* _Record extracts_:
§
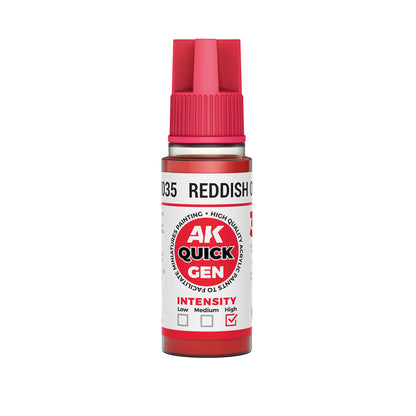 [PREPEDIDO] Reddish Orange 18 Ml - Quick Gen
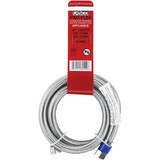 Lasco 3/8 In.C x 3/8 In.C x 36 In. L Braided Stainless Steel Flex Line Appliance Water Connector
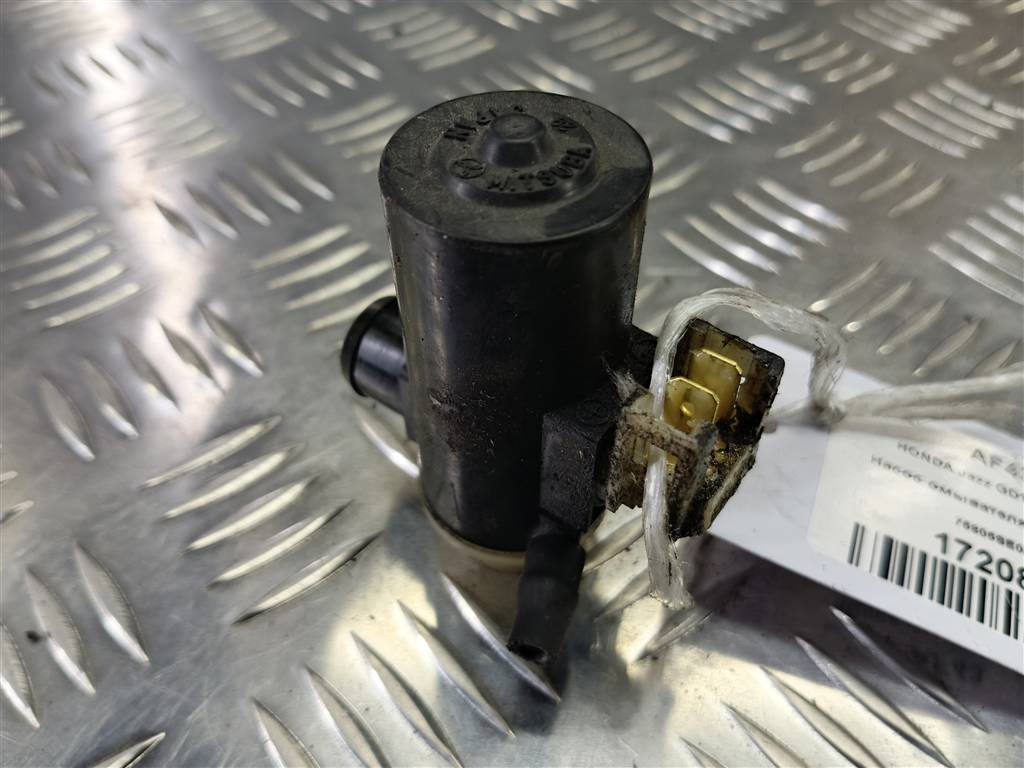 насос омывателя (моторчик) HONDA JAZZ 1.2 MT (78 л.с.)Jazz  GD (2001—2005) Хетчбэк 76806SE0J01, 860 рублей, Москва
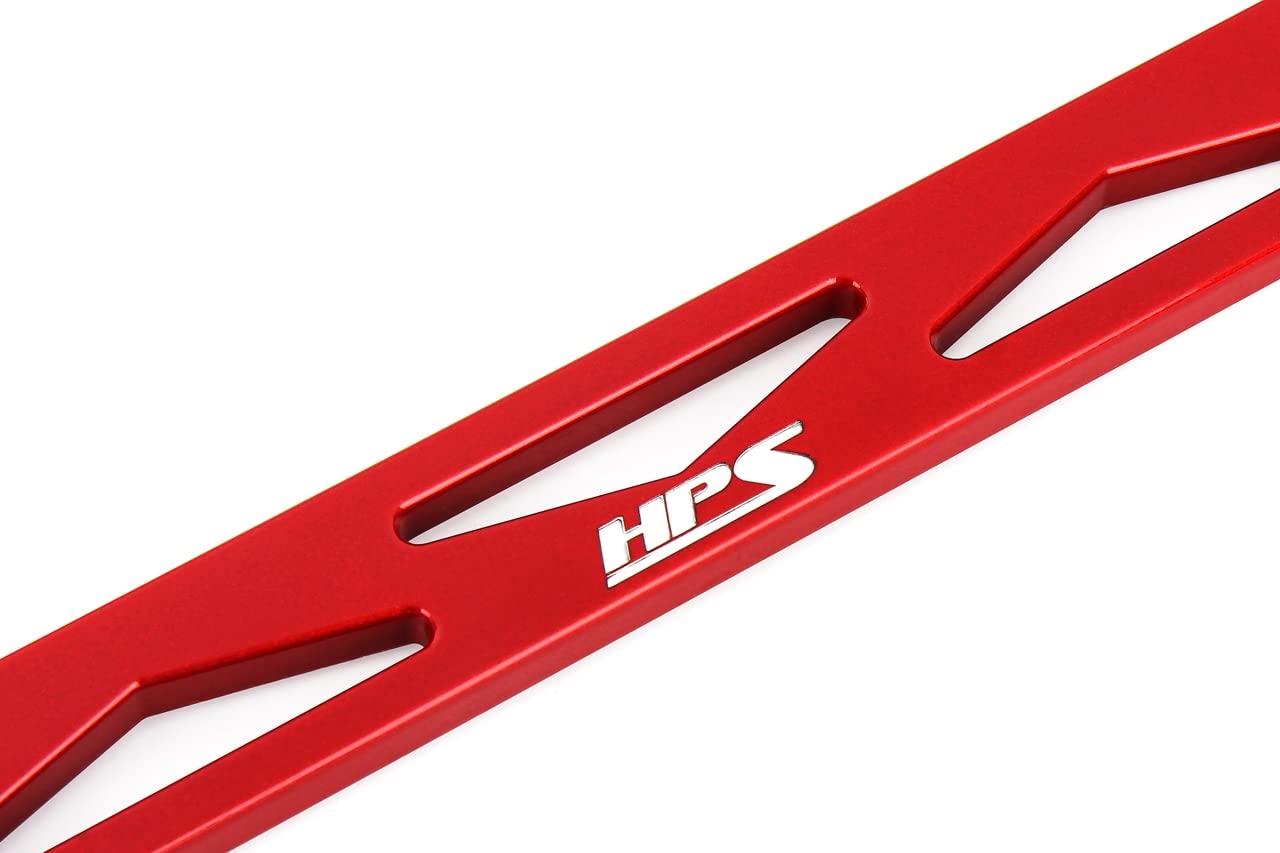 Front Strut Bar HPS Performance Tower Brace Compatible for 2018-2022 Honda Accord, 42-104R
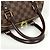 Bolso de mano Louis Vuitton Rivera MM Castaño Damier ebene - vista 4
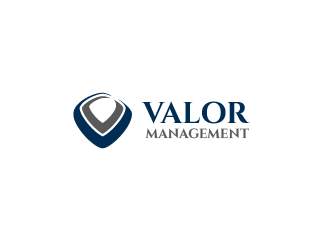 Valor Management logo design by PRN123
§
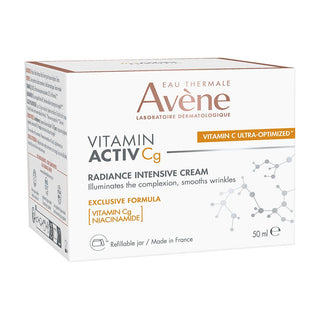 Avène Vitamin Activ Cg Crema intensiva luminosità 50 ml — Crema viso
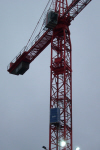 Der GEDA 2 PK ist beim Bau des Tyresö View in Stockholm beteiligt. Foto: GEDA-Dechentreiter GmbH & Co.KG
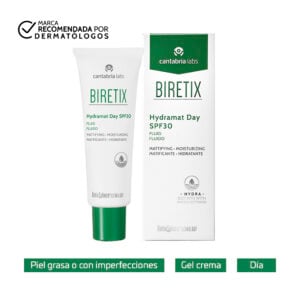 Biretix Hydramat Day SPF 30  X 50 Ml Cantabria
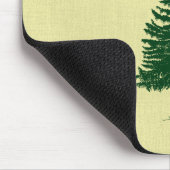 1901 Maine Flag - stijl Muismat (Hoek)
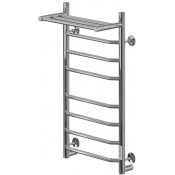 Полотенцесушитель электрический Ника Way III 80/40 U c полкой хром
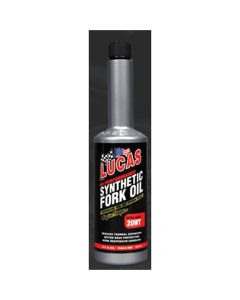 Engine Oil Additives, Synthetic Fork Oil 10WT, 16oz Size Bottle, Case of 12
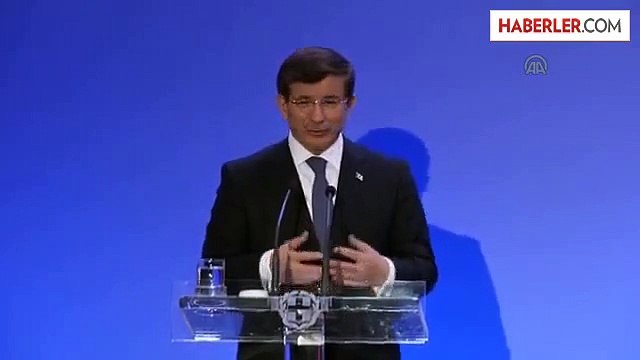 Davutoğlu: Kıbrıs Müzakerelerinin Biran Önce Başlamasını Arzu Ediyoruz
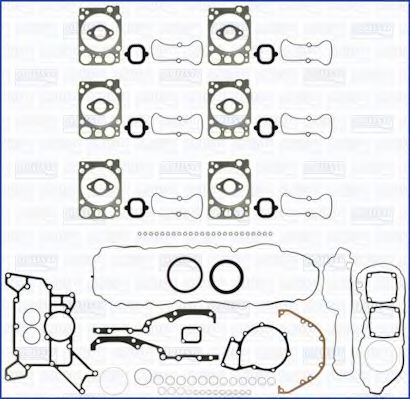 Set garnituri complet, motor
§
* _Problem statement_:
Output exactly the lines above that lie between the line with "Der GEDA 2 PK" and the line with "Set garnituri complet, motor", those two lines included, and no pictures.

* _Answer space_:
 Der GEDA 2 PK ist beim Bau des Tyresö View in Stockholm beteiligt. Foto: GEDA-Dechentreiter GmbH & Co.KG
 Biretix Hydramat Day SPF 30  X 50 Ml Cantabria
 1901 Maine Flag - stijl Muismat (Hoek)
 Полотенцесушитель электрический Ника Way III 80/40 U c полкой хром
 Engine Oil Additives, Synthetic Fork Oil 10WT, 16oz Size Bottle, Case of 12
 Davutoğlu: Kıbrıs Müzakerelerinin Biran Önce Başlamasını Arzu Ediyoruz
 Set garnituri complet, motor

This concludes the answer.